*WHAT TO PRODUCE*:
Your output should be the lines below from the one with "Silk - Yellow, red" through the one with "Mussels in a bag with garlic and wine Mussels", copied exactly, pictures excluded.

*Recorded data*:
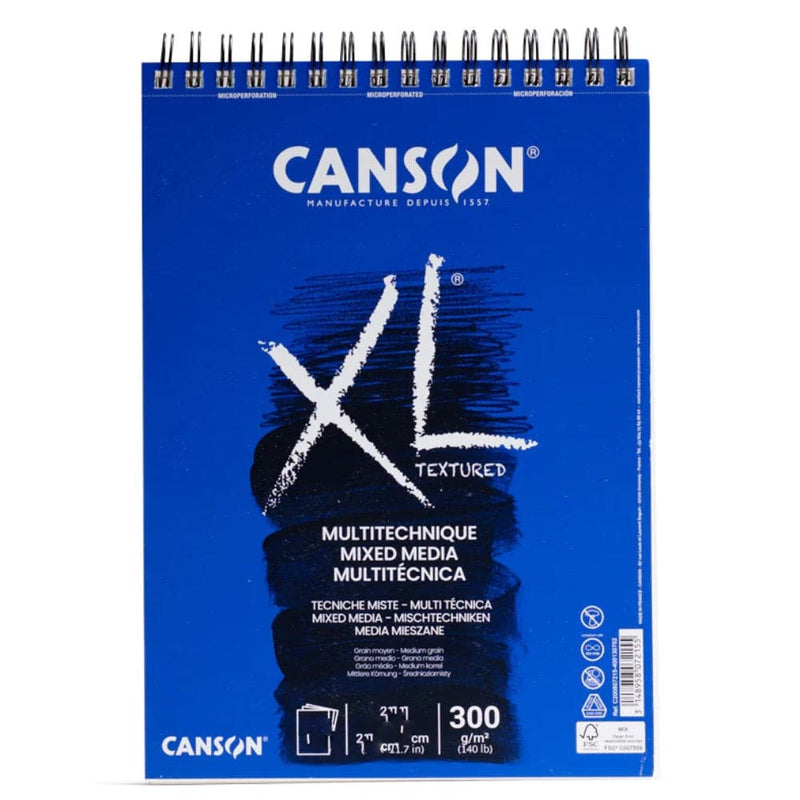 CANSON XL FILA NEW A5 - 14.8 x 21 cm - Spiral pad (15 sheets) Canson XL® Mixed Media Textured 300gsm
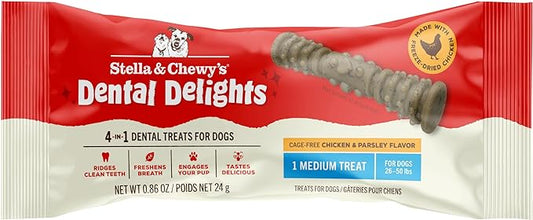 Stella & Chewy's Dental Delights with Freeze-Dried Chicken - Medium Dental Treats for Dogs, Single Serve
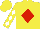Silk - Yellow, red diamond, white diamonds on sleeves, yellow cap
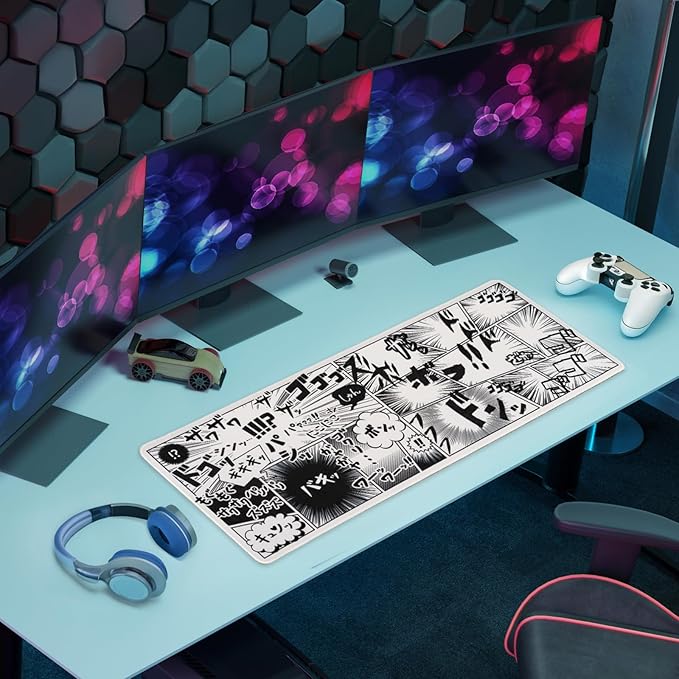 BELLEMOND Japanese Art Desk Mat | Large 31.5x11.8in Anime Mouse Pad for Keyboard & Mouse | Non-Slip Base, Water-Repellent | Original Japanese Design | Manga Burst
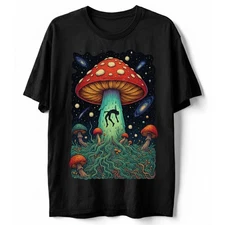 Psychedelic Mushroom Alien Abduction T-Shirt Trippy Space Cosmic Hippie Tee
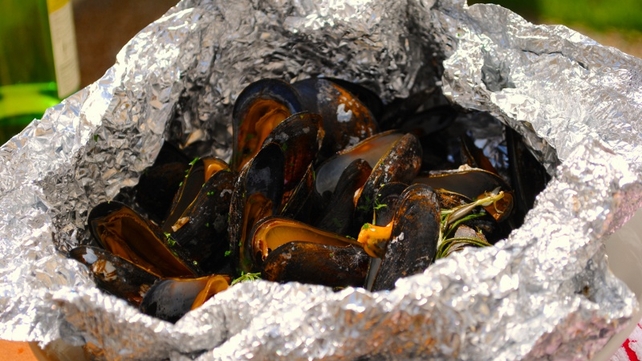 Mussels in a bag with garlic and wine Mussels in a bag with garlic and wine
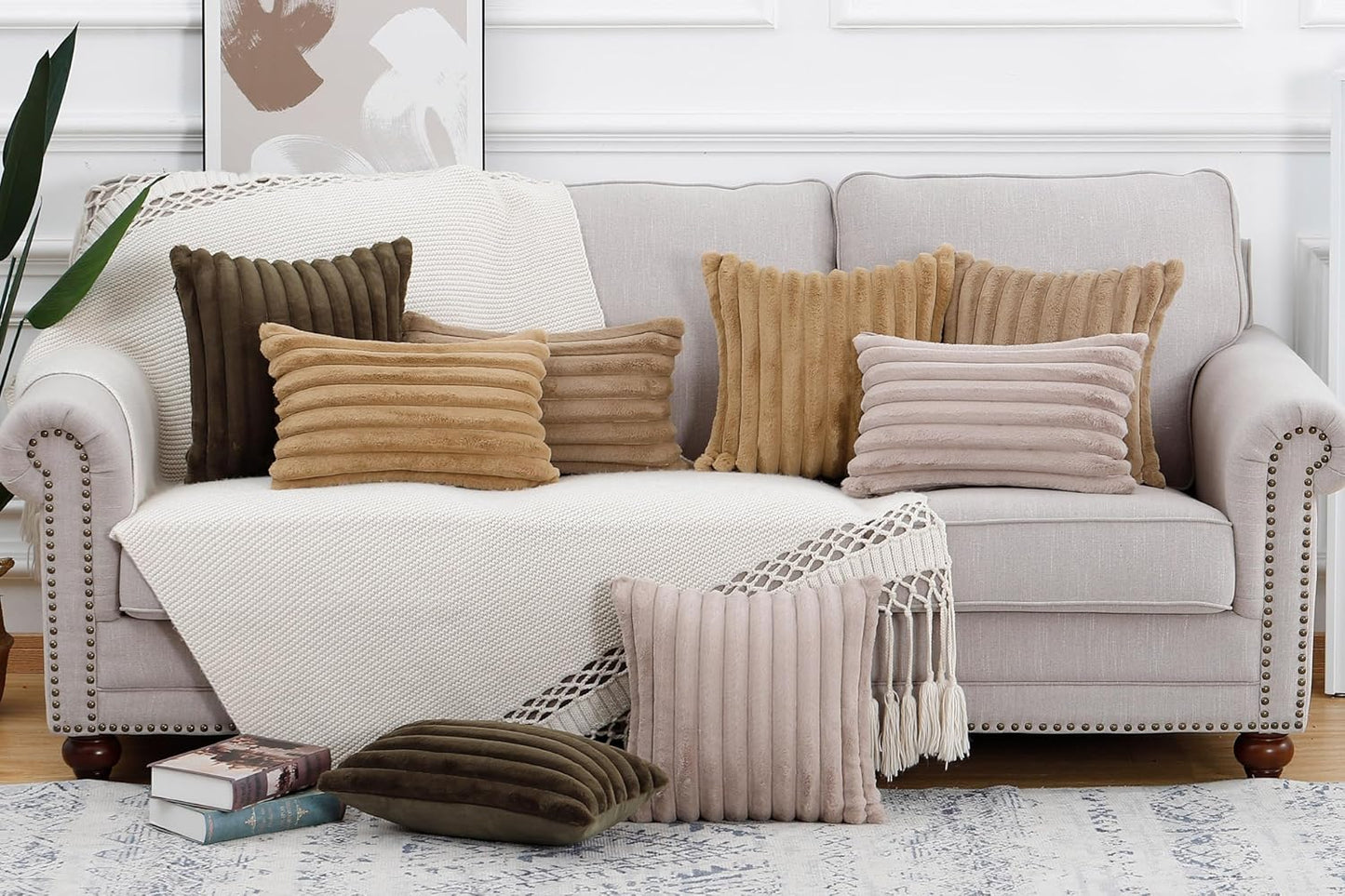 MADIZZ Set of 2 Faux Wool Plush Decorative Throw Pillow Covers 24x24 Inch Drak Brown Fluffy Striped Soft Decorative Cushion Cover for Sofa Bedroom Pillow Shell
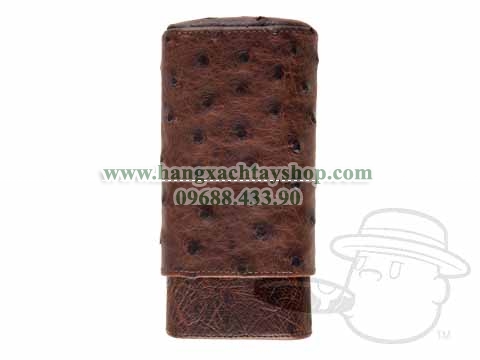 The-Show-Band-3-Cigar-Case-GenuineOstrich-Antique-Saddle The-Show-Band-3-Cigar-Case-GenuineOstrich-Antique-Saddle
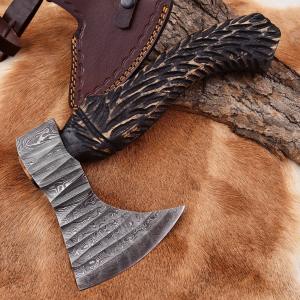 Personalized Damascus Steel Viking Camping Tomahawk Axe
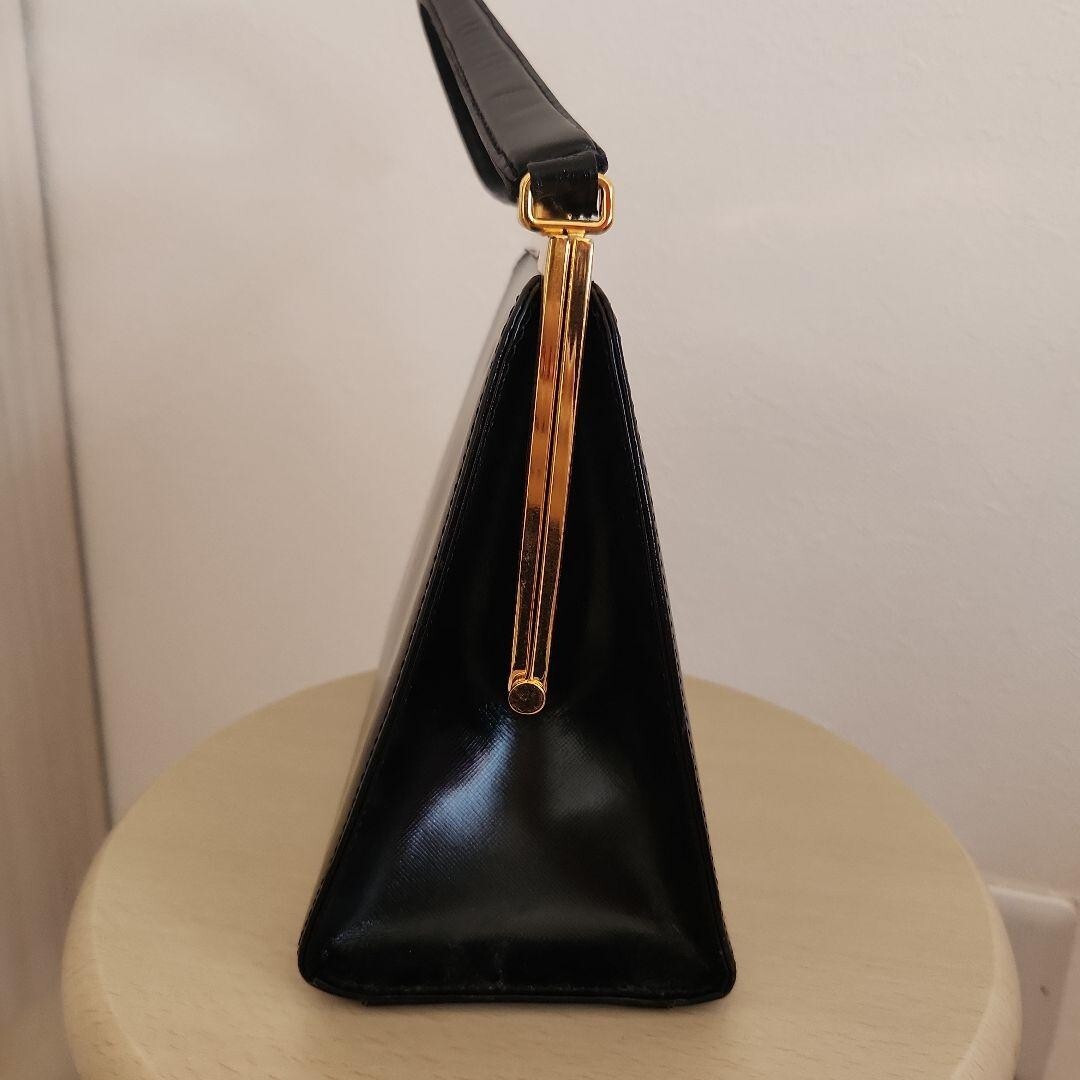 Gianni Versace Hand Bag Leather Black Gold From JAPAN USED Auth | eBay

*ANSWER SECTION*:
Silk - Yellow, red diamond, white diamonds on sleeves, yellow cap
 BELLEMOND Japanese Art Desk Mat | Large 31.5x11.8in Anime Mouse Pad for Keyboard & Mouse | Non-Slip Base, Water-Repellent | Original Japanese Design | Manga Burst
 Psychedelic Mushroom Alien Abduction T-Shirt Trippy Space Cosmic Hippie Tee
 Mussels in a bag with garlic and wine Mussels in a bag with garlic and wine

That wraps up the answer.